Sheffield Shield Final -Day 2
NSW batsman, Nathan Lyon, survives a half-hearted appeal. Photo: Graham Tidy
"We knew we wanted the intent of scoring runs rather than just try to bat time.
"It's one of the best centuries I've made – in a Shield final as well it's a great feeling – but it doesn't really mean anything if we don't come out tomorrow and tick the boxes we need to tick.''
After watching the Blues bat for more than 168 overs and almost 11 hours, the Canberra crowd of 3232 was brought to life as Hazlewood livened up the party.
He knocked over Cameron Bancroft and Marcus Harris for golden ducks with the first two balls, Adam Voges in his second over and threw down the stumps to leave Marcus North short of his ground.
"I don't think anyone else needed to be on the field. He took three wickets then the direct hit run-out; he was on fire,'' Henriques said.

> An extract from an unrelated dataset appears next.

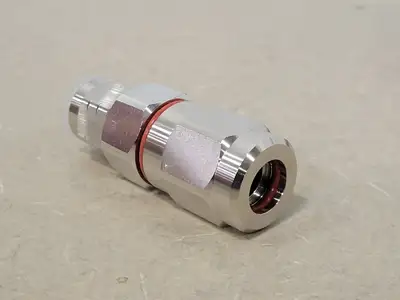 USED TRILOGY NMA01250B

"He had a chance to steam in and not worry about being on the field for too long, and he did that brilliantly.''
Hazlewood used the swing with the new ball to perfection and could not believe his luck when his throw to get rid of North was on target.
"We were only out there for 10 minutes so I was still pretty fresh,'' Hazlewood said.
"Probably wouldn't have got that run-out if it was tomorrow or the next day.
"We've got to attack early and knock them over because once the batter gets in, it's quite hard to get them out.''
WA coach Justin Langer did his best to remain positive with Test batsman Shaun Marsh and younger brother Mitch at the crease.
However, it was impossible to disguise his disappointment after the Warriors were all but wiped out of the contest.
"It was a pretty painful day, probably couldn't have had a worse day,'' Langer said.
"How do you explain the last half an hour? It was a bit of a train wreck.
"There's still hope. I've been around long enough to know funny things can happen in five-day cricket, and it's a very flat wicket.''
Henriques played with plenty of patience after helping rescue NSW from 6-189 on the opening day on Friday.
He received great support from the Blues' tailenders on a slow and dry pitch.
Stephen O'Keefe (41), Trent Copeland (35) and Nathan Lyon (36 not out) all made substantial contributions to push the Warriors out of the contest.